#### [TASK PROMPT]
Print the records below exactly, from the line containing "40 см Постер" down to the line containing "Xx Chino Rlx Straight In Olive Night", both lines included, and omit every picture.

#### [MATERIAL TO PROCESS]
::::

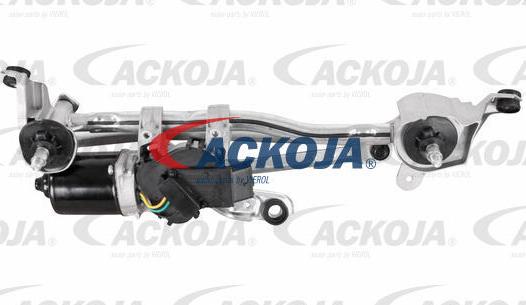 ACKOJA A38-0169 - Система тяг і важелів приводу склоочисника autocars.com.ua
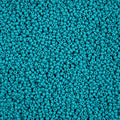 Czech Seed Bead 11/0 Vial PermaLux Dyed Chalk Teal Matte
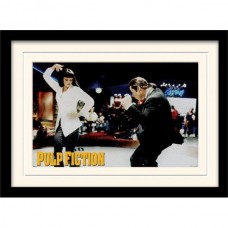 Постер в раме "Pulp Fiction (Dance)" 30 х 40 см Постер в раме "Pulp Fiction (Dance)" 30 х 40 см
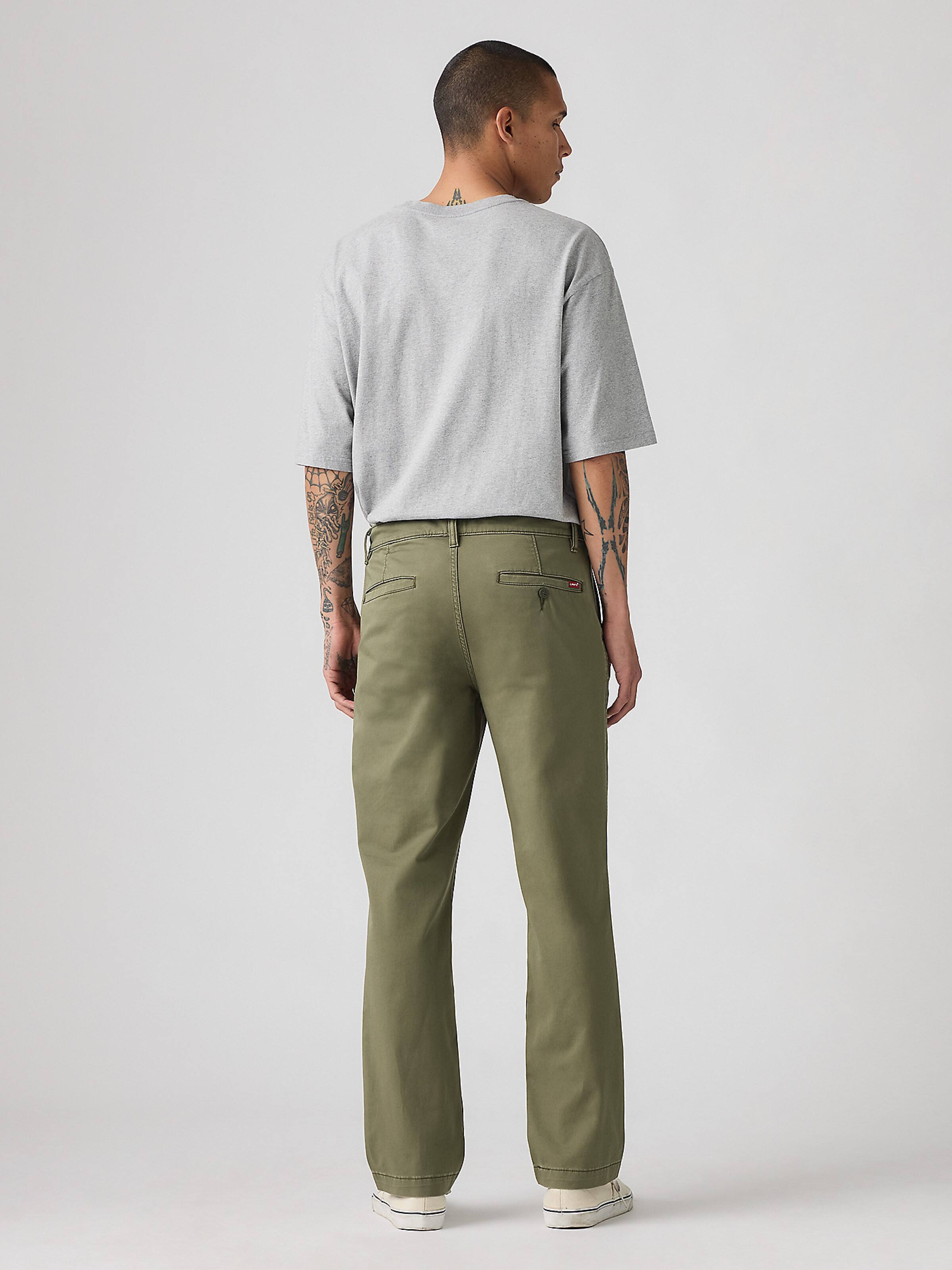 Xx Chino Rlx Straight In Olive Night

::::

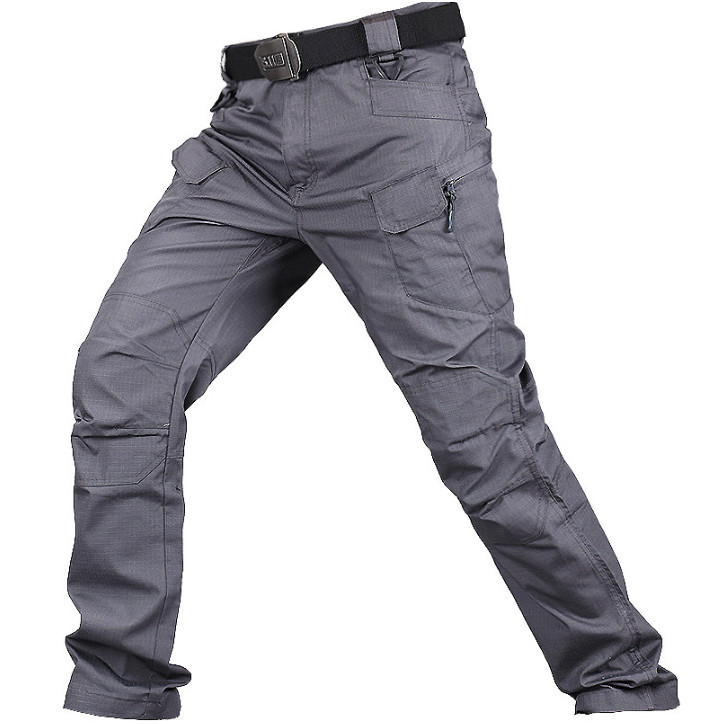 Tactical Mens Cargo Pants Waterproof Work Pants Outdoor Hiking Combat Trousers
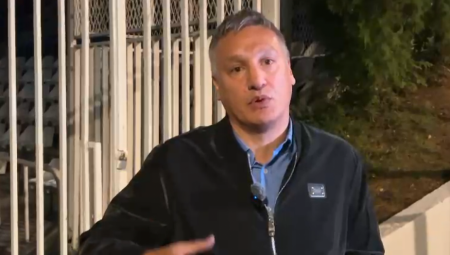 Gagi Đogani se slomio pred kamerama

::::

#### [TASK OUTPUT]
 Постер в раме "Pulp Fiction (Dance)" 30 х 40 см Постер в раме "Pulp Fiction (Dance)" 30 х 40 см
 Xx Chino Rlx Straight In Olive Night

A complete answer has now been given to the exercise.